Surely the day to day duties of a single woman are not essentially the same as those of the married, minus the small detail of a husband to obey and please in all things? Paul says that the single person is free to please the Lord, whereas the married must care about the things of the world -- how to please their spouse -- if this is a minor irrelevance, not constituting 'some uniqueness' between married and single roles (as you acknowledge there to be between male and female), then Paul's argument preferring his single state would go out the window? I don't mean to imply that single people must then necessarily meet in their own groups on Wed. night etc; but that perhaps the approach stated above may be why single people have expressed that the movement makes them feel expected to conform to the pattern of the married -- and somewhat marginalised? Perhaps it was a misunderstanding on my part, in which case hopefully at least this will serve for clarification?

Thanks for your patience.


----------



## nasa30 (Nov 18, 2009)

a mere housewife said:


> > Yes, we do have/need instruction in the other biblical roles and those really fall under Christian living.
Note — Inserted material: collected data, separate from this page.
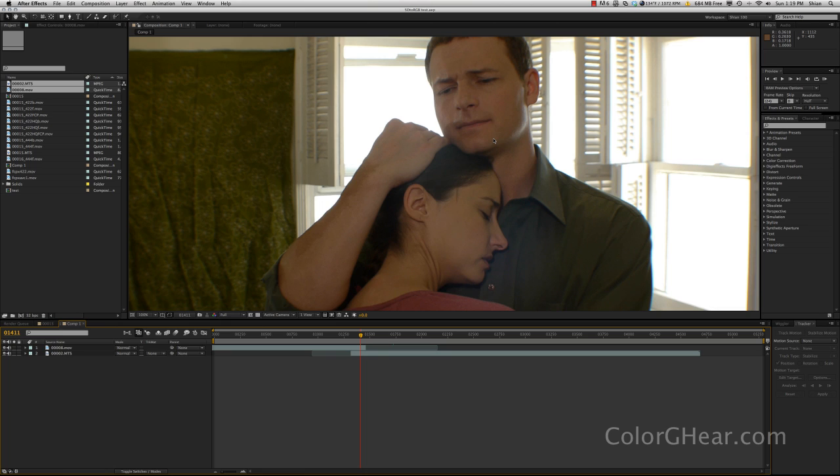Hey everybody, this is Cheyenne with colorgear.com with a free tutorial, this time for how to do dissolves in After Effects.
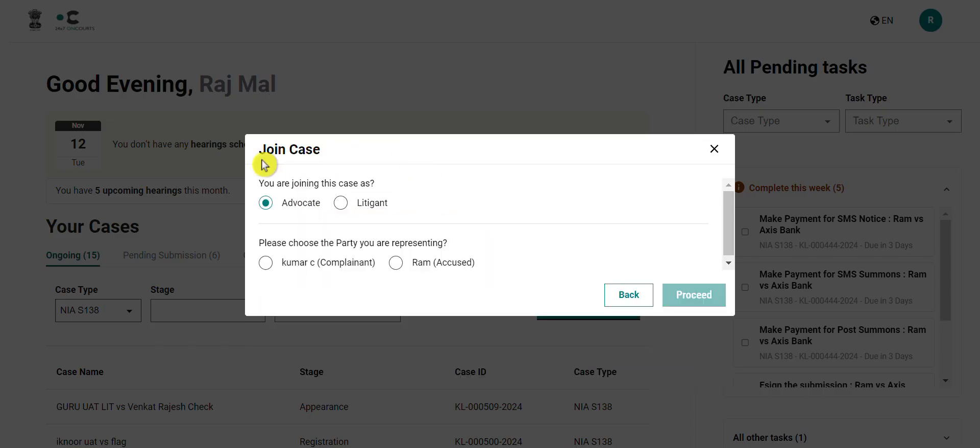Based on your user registration, the party as which you are joining the case will be auto-selected and filled. You will have to choose the party that you are representing. Notice that there are only two possibilities when you are joining a case as a primary advocate.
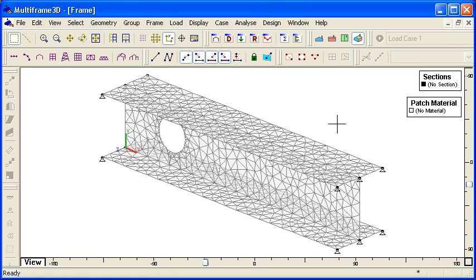That ends our first presentation of generating structures. Thank you for watching.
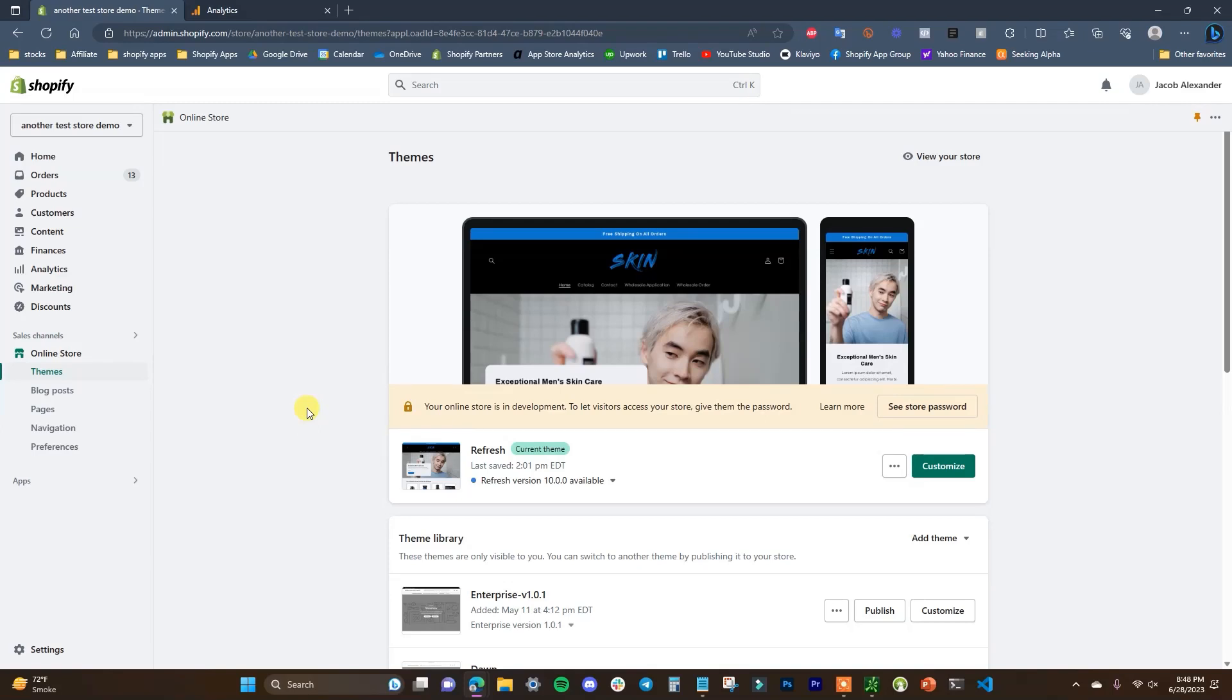All right, what's up guys, this is Jake and in this video I'm going to be showing you how you can set up Google Analytics 4 inside of your Shopify store.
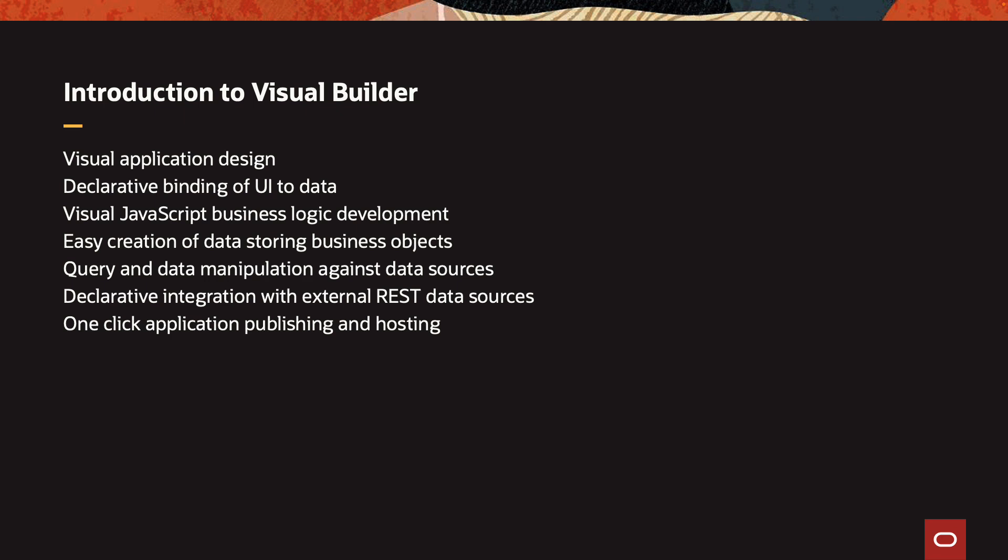You just saw how easy it is to create and publish applications with Visual Builder. This is done using a visual development approach that allows you to visually design your application, bind your user interface to various sources of data, visually design your business logic using JavaScript as the development language, easily create and store data in tables in an Oracle database and access them through a REST API, how you can query and manipulate this data, how you can integrate with external data using REST APIs, and how with a single click you can publish and host your application. For more information, visit our website.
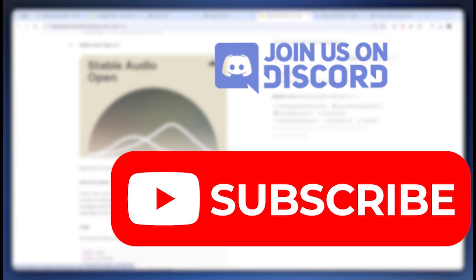All right guys, hope you guys found it insightful. If you guys did, please feel free to subscribe. I make similar videos like these. All right guys, have a nice day. Bye bye.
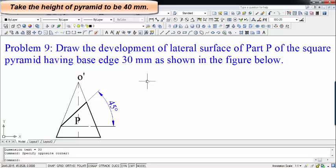Hey guys, how are you doing? This is Panas and I'm back with a new tutorial — rather the new series of tutorials on development of surfaces of hollow solids. We are kicking off this session with development of pyramids, and this is going to be the first problem in this series.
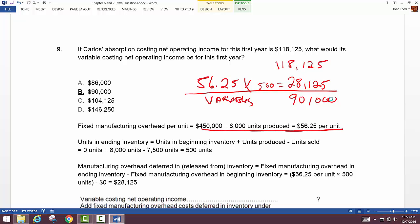The key difference between absorption and variable costing: fixed manufacturing overhead. Under variable costing, you expense everything — all fixed costs — whether you sold the units or not. Under absorption, you only expense fixed manufacturing overhead through cost of goods sold for items actually sold. That's the difference, and that's the level of understanding expected on the exam.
That is our day to day and that is taught each Lords day or whenever questions are asked. *I see the distinction being that the teaching for single and married is not different*.
> 
> 
> I'm so sorry, I've tried to keep my hands from plinking themselves down on the keys in keeping with my last post (though, in keeping with my last post, I won't argue that particular point further  but having reread this a few times, I think it would be useful to the discussion to point out that perhaps this statement demonstrates why a single person might feel uncomfortable in the movement.
> ...


 
Trust me, there is so much confusion over this and FIC in general that explanations are needed. 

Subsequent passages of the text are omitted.